**WHAT YOU WILL DO**
Set down word for word each line from the one containing "Plus Size Cold Shoulder Blouse" through the end of the records, both included. Do not copy any pictures.

**DATASET ENTRIES**
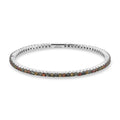 D'Joy Premium Multi Sapphire Bangle Bracelet in Rhodium Over Sterling Silver (7.25 In) 5.50 ctw - Sticky add to cart bar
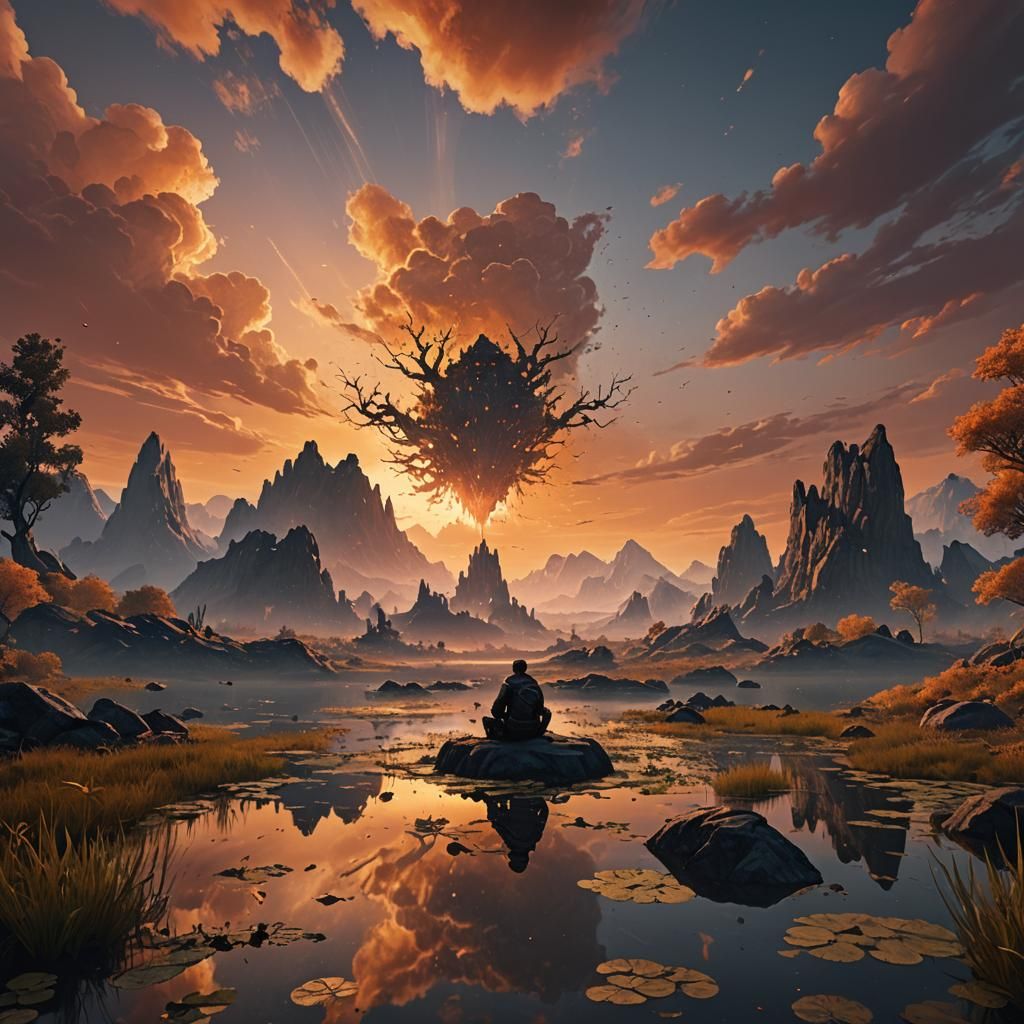 Man Gazing at Orange Sky: Fantasy Concept Art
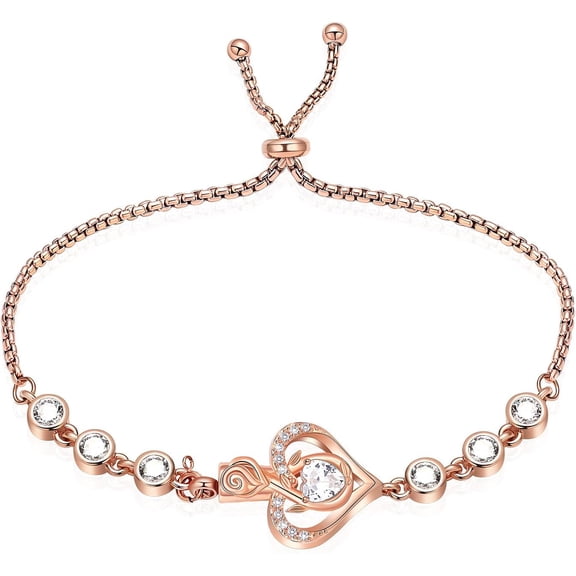 Cremation Bracelet Rose Flower Heart Urn Bracelet for Ashes for Women Birthstone Memorial Ashes Bracelet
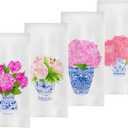 Chinoiserie Vase Dish Towels Set - Chinoiserie Waffle Weave Kitchen Towels, Chinoiserie Tea Towels Hand Towels for Bathroom, Blue and White Decor for Kitchen Bathroom (16x24 Inches Set of 4)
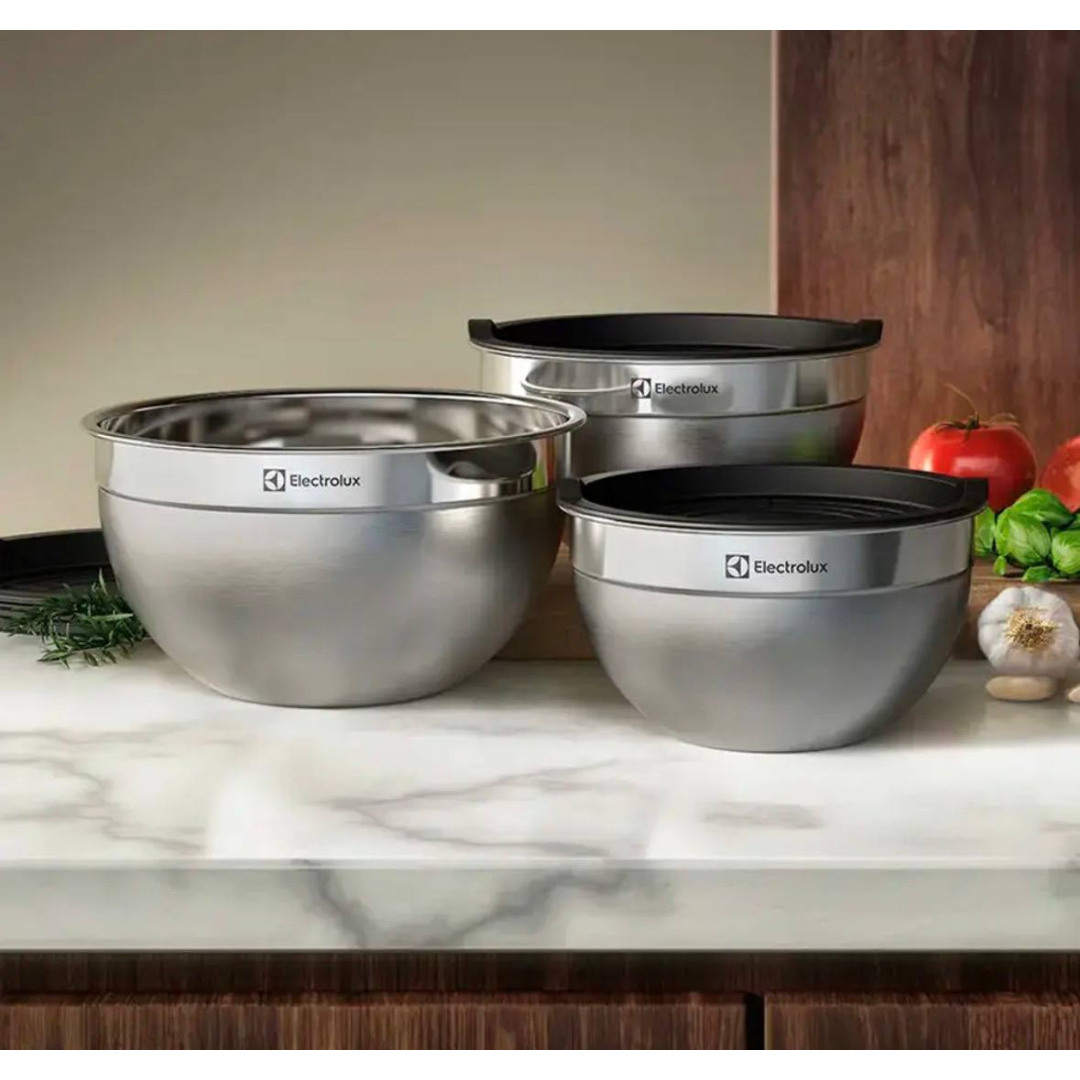 Conjunto De Bowls Inox 3 Pcs Com Tampa Electrolux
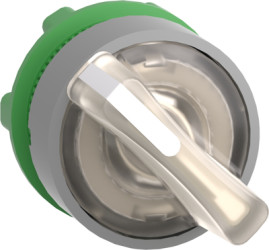 Toggle switch, 2 positions, illuminable, groping, waistband round, white, front ring gray, 90°, mounting Ø 22 mm, ZB5AK1413C0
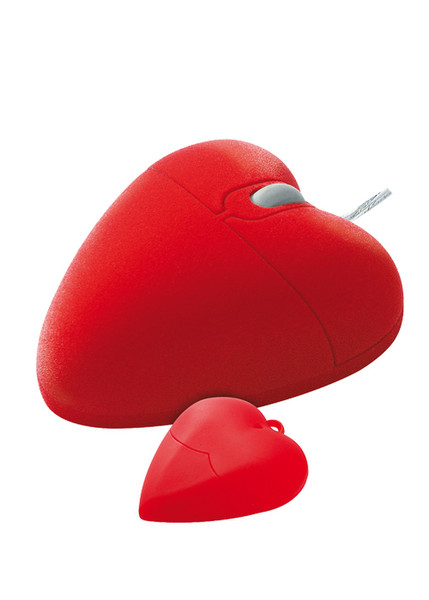 Pat Says Now Velvet Heart Set USB Оптический 800dpi Красный компьютерная мышь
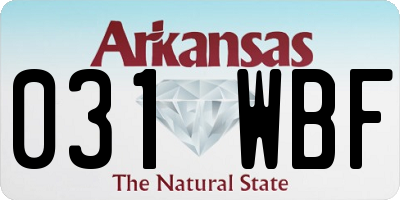 AR license plate 031WBF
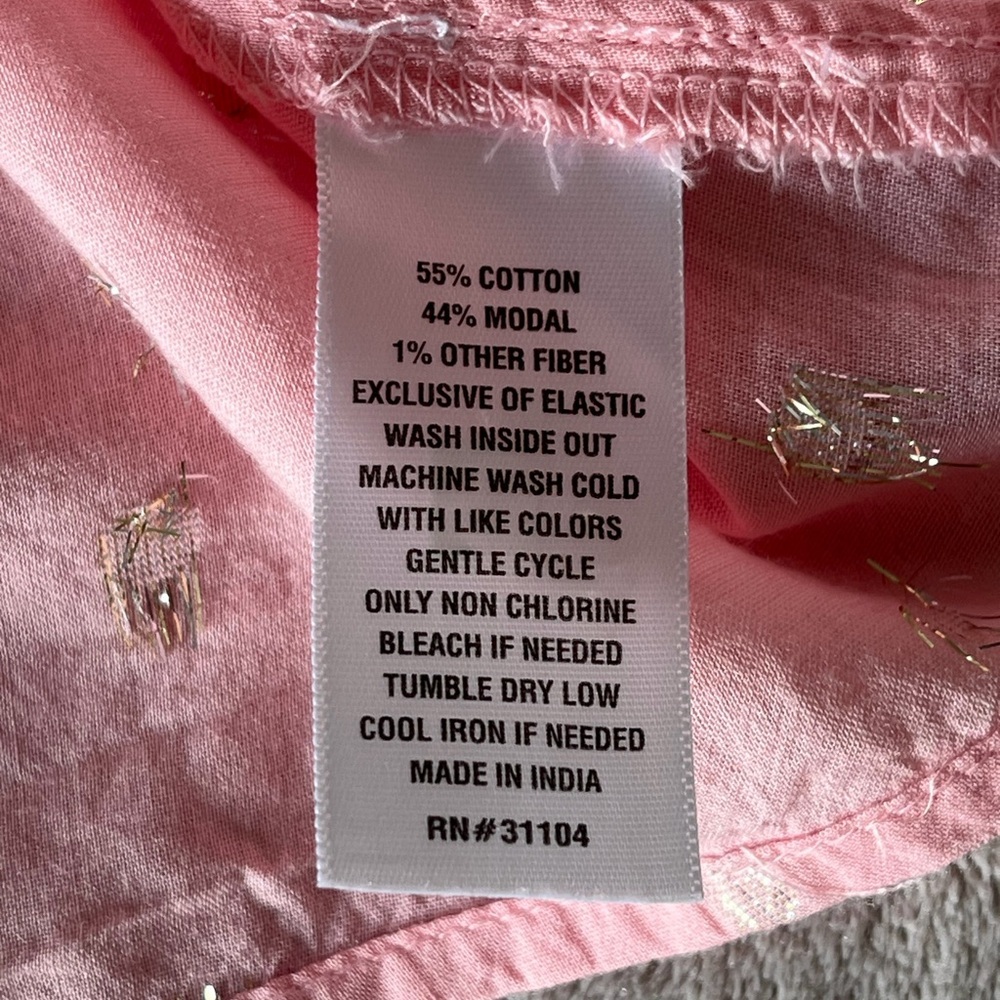 Crown & Ivy 100% Cotton Split V Blush Pink Silver Beads Peasant Blouse Sz XL - Picture 9 of 12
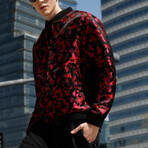 Jon Abstract Camo Print Bomber with Matching Face Mask // Red (2XL)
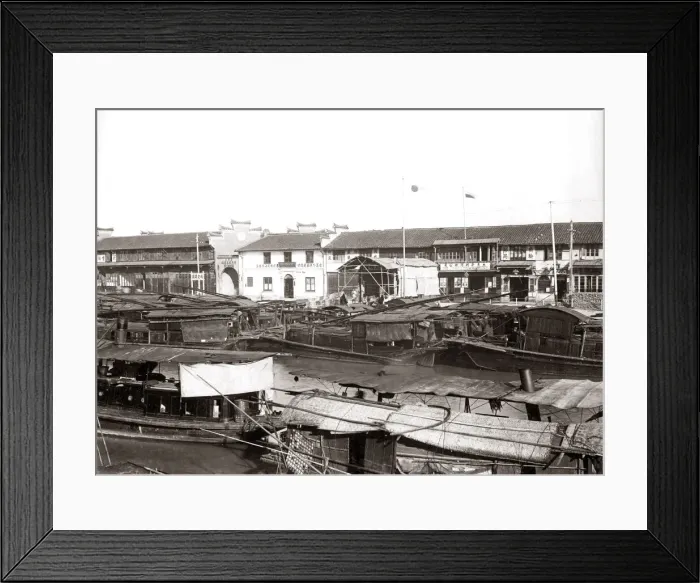 Framed Print : Waterfront and boats, Macau, China, circa 1890. Date: circa 1890 Framed Print : Waterfront and boats, Macau, China, circa 1890. Date: circa 1890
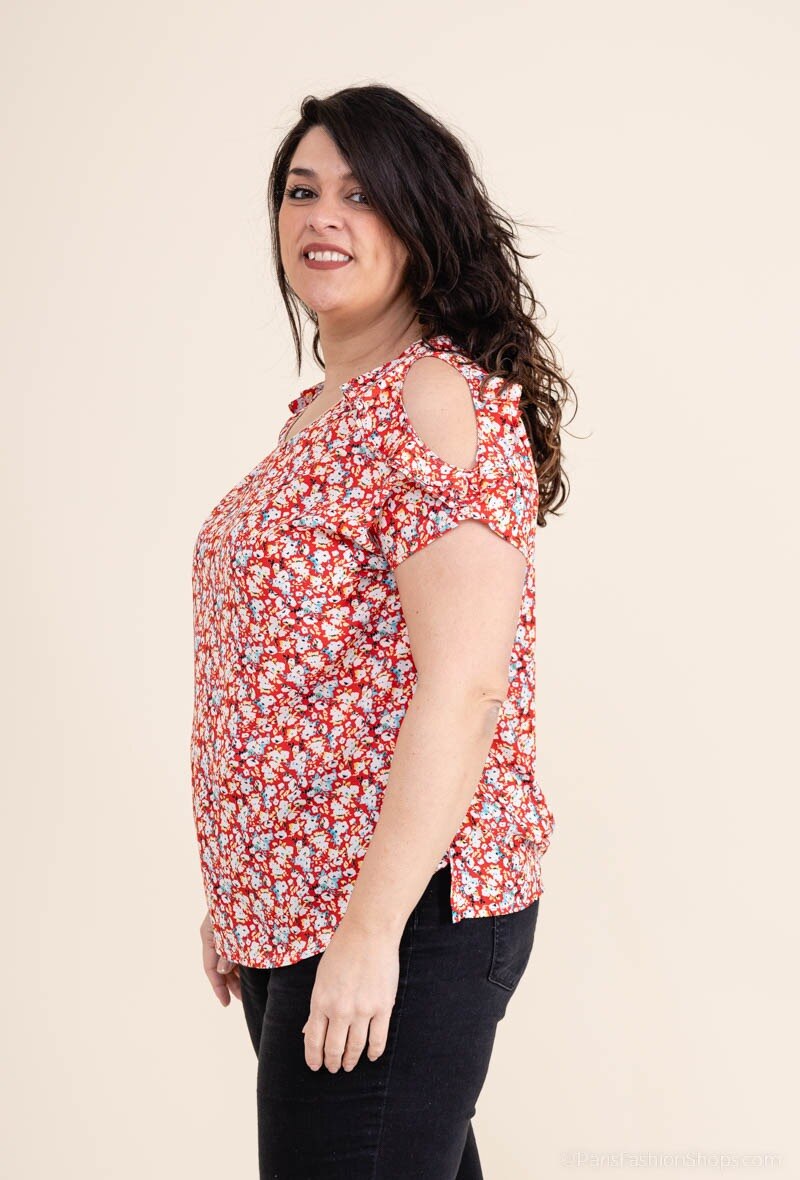 Plus Size Cold Shoulder Blouse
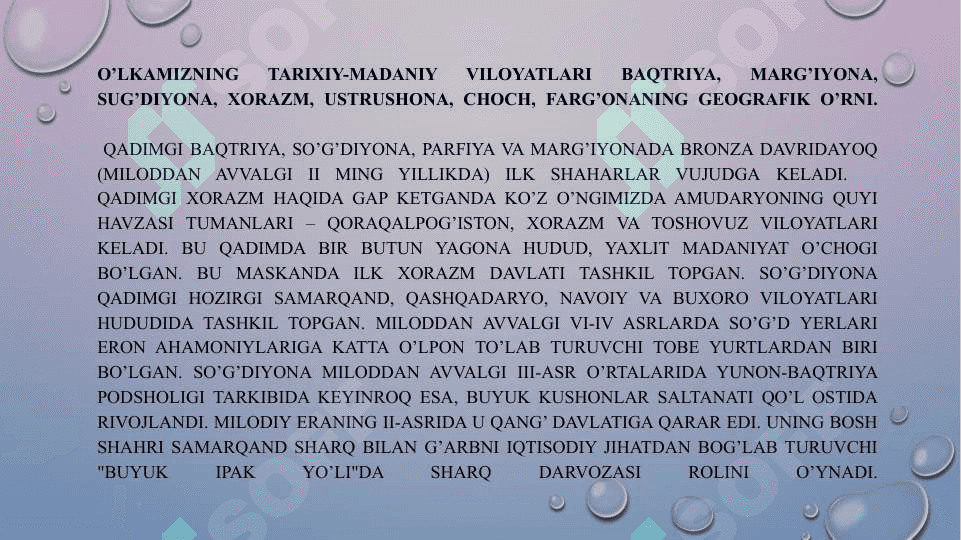 O‘ZBEKISTONNING TARIXIY GEOGRAFIK O‘RNI VA TABIIY IQLIM SHAROITLARI 3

**SOLUTION BELOW**
 Plus Size Cold Shoulder Blouse
 O‘ZBEKISTONNING TARIXIY GEOGRAFIK O‘RNI VA TABIIY IQLIM SHAROITLARI 3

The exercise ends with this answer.